La procédure de reprise d'un bien immobilier abandonné par son occupant

La procédure de reprise d'un bien immobilier abandonné par son occupant

L'article 14 de la loi du 6 juillet 1989 prévoyait jusque récemment que le contrat de location de locaux à usage d'habitation principale était résilié de plein droit par l'abandon du domicile du locataire.

Dans une telle situation, la procédure d'expulsion était inopportune, en ce qu'elle obligeait à respecter de nombreux délais impératifs.

Il fallait pourtant s'y plier et les propriétaires ne comprenaient pas ces longueurs, alors que leur bien était inoccupé.

C'est pourquoi une nouvelle procédure, prévue à l'article 14-1 de la loi du 6 juillet 1989 (loi n° 2010-1609 du 22 décembre 2010 et décret n° 2011-945 du 10 août 2011), permet désormais, en ajustant les faits et le droit, de reprendre plus rapidement des locaux vacants, par l'introduction d'une procédure de reprise des lieux.

 

La nouvelle procédure de reprise des locaux abandonnés commence obligatoirement par la signification d'une mise en demeure au locataire de justifier que les lieux sont bien occupés. La délivrance de l'acte est subordonnée à l'existence d'éléments laissant supposer l'abandon du logement par ses occupants, le seul impayé n'étant pas suffisant.

 

À défaut de réponse du locataire dans le mois de l'acte, l'huissier de justice pourra pénétrer dans les lieux : il dressera alors un procès-verbal de ses opérations avec, pour le cas où le logement lui semblerait abandonné, l'inventaire des biens encore présents sur place et l'indication qu'ils paraissent ou non avoir une valeur marchande.

 

La résiliation du bail sera ensuite constatée par le juge d'instance du lieu de situation de l'immeuble saisi sur requête (procédure rapide, non contradictoire).

La demande peut ne pas se limiter à la résiliation du bail pour s'étendre à la condamnation au paiement des sommes éventuellement dues au bailleur.

 

Un procès-verbal de reprise des lieux sera ensuite dressé et signifié.

 

Le bailleur devra faire procéder à la signification de la décision dans les deux mois, faute de quoi elle serait non avenue.
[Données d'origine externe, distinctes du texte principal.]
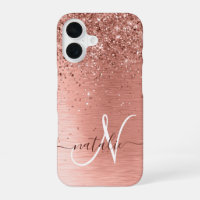 Roségold gebürstetes Metall Glitter Monogramm Name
En l'absence d'opposition formée par l'occupant, l'ordonnance produira les effets d'un jugement passé en force de chose jugée.

 

S'il reste des biens, le juge d'instance saisi là encore sur requête ne pourra statuer que sur le sort de ceux ne paraissant pas avoir de valeur marchande. Il les déclarera abandonnés, à l'exception des papiers et documents de nature personnelle qui devront être placés sous enveloppe scellée et conservés pendant deux ans par l'huissier de justice, l'occupant des lieux disposant d'un délai d'un mois à compter de la signification de l'ordonnance constatant la résiliation du bail et ordonnant la reprise des lieux pour éventuellement retirer les biens encore sur place.

 

Pour le cas où les biens encore présents sur place seraient de valeur, le juge de l'exécution, comme en matière d'expulsion, devra statuer sur leur sort et en ordonner la vente aux enchères publiques pour peu que l'occupant ne les ait pas retirés durant le délai d'un mois courant de la signification de l'ordonnance, auquel s'ajoute un délai de quinze jours à compter du procès-verbal de reprise des lieux.

 

En cas de retour de l'occupant en cours de procédure, l'huissier de justice devra se conformer aux règles générales en matière d'expulsion. Néanmoins, l'ordonnance vaudra alors titre d'expulsion. Il n'y aura donc pas lieu de retourner devant le juge. En cas de réinstallation sans titre de la personne expulsée, la signification de l'ordonnance autorisant la reprise des lieux tient lieu de commandement d'avoir à libérer les locaux.

 

Quant au respect des droits du locataire, le nouveau dispositif s'efforce à les préserver.

 

L'occupant est ainsi informé de la situation à chaque stade de la procédure et bénéficie d'un droit de réponse. La réponse qu'il apportera à la mise en demeure sera d'importance pour la suite de la procédure : à cet égard, une réponse apportée plus d'un mois après la mise en demeure restera valable puisque la procédure pour abandon ne peut prospérer si le local est occupé.

L'occupant peut aussi s'opposer à l'ordonnance par simple déclaration remise ou adressée au greffe du tribunal d'instance compétent. La reprise des lieux pourra également faire l'objet d'une contestation portée devant le juge de l'exécution du lieu de situation de l'immeuble.

 

Enfin, l'article 7, alinéa 4 du décret du 10 août 2011 énonce que « si le juge constate que la requête a été présentée de manière abusive, il condamne le demandeur à l'amende civile prévue par l'article 32-1 du Code procédure civile », d'un montant maximum de 3 000 euros, voire à des dommages-intérêts.